No fue una bala perdida. Fue una ejecución. Fue terrorismo callejero. Los extorsionadores dispararon en plena vía pública, sin temor, sin obstáculos, sin presencia del Estado. Porque el Estado ya no existe en muchos territorios. Si está, solo observa. Si actúa, llega tarde. Si responde, lo hace con lugares comunes.
Las noticias de extorsiones, asesinatos y cobros de cupos ya no sorprenden. Se han vuelto parte del paisaje. Pero esta vez, el crimen rompió cualquier barrera moral. Un niño acribillado dentro de una combi es el reflejo de un país que ha cruzado todos los límites. ¿Qué más tiene que pasar para que el gobierno reaccione?. ¿Cuántos cuerpos más deben llenar morgues y calles para que la presidenta reconozca que no hay control, no hay estrategia, no hay liderazgo?. El Perú está tomado por organizaciones criminales que actúan con una impunidad que grita. Y el Ejecutivo sigue callado.
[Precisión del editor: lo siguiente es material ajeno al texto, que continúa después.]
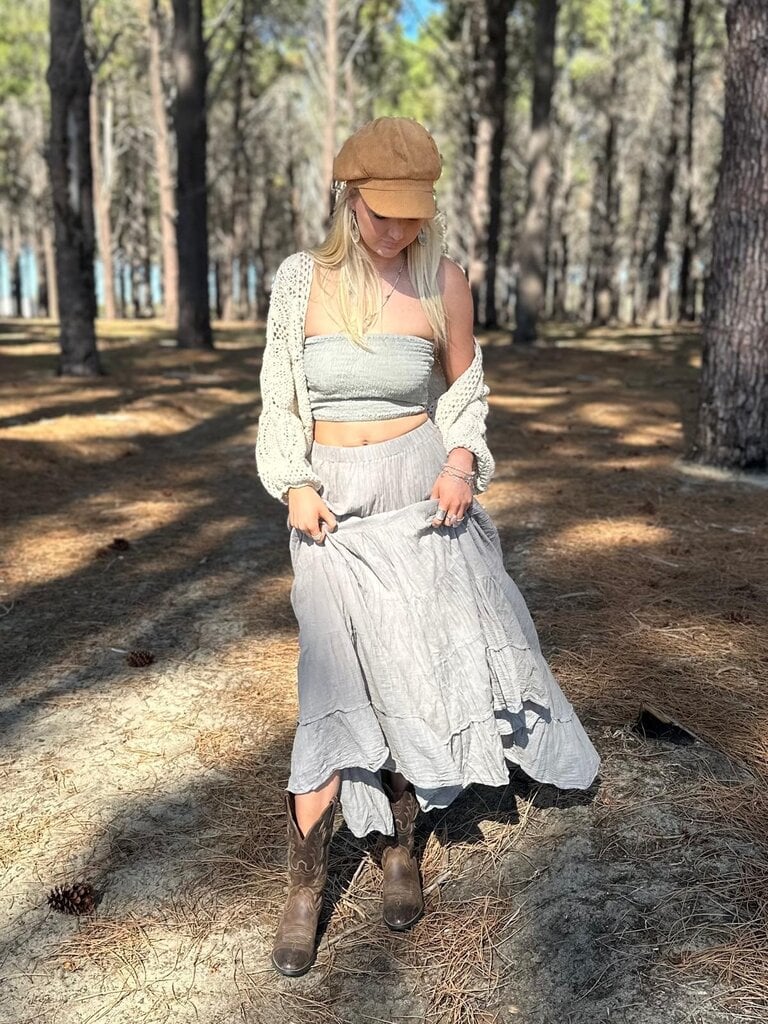 Moon Flower The Label NORA CHARCOAL MAXI SKIRT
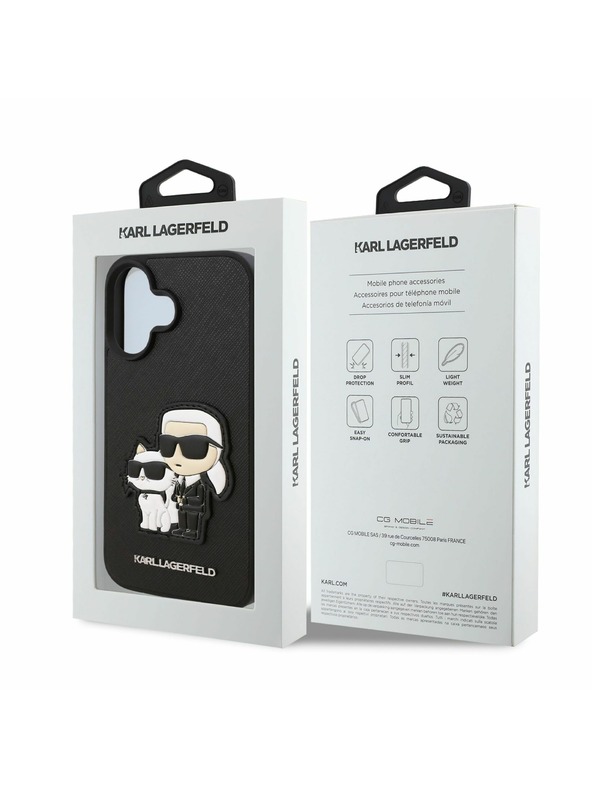 Karl Lagerfeld Karl Lagerfeld PU Saffiano Karl és Choupette Hátlap iPhone 16 Plus Fekete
No hay plan nacional de seguridad. No hay control de territorios. No hay presencia sostenida de las fuerzas del orden. Solo hay improvisación, ministros impuestos por arreglos políticos y gabinetes que duran menos que una alerta en medios. Mientras los extorsionadores dominan ciudades enteras, la presidenta de la República prioriza sus defensas personales: sus joyas, sus cirugías, sus relojes, sus investigaciones judiciales. La calle arde, la infancia muere, y ella solo piensa en cómo sobrevivir políticamente hasta el 28 de julio de 2026.
Este crimen no debería tratarse como uno más. Porque no lo es. Es el símbolo trágico de una nación donde subirse a una combi puede ser una sentencia de muerte. Donde ya no importa si uno es niño, adulto, trabajador o estudiante. Si hay una bala, puede tocarle a cualquiera. En ese país, la presidenta no gobierna. Apenas administra la parálisis. Y cada día que no actúa, cada día que no se pronuncia, cada día que no pide ayuda técnica internacional, es un día más en el que legitima el descontrol.
El niño de seis años no fue asesinado por una bala cualquiera. Fue asesinado por el abandono. Por la falta de respuesta. Por un Estado ausente que se limita a contar muertos y emitir condolencias. No es solo la delincuencia la que mata. También mata la indiferencia. La burocracia. La cobardía.
Murió por estar en el Perú. Un país en el que los criminales patrullan las calles y la jefa de Estado se esconde en el silencio. Un país donde las promesas no protegen, donde las leyes no disuaden y donde los niños ya no tienen ni siquiera el derecho a llegar vivos a casa.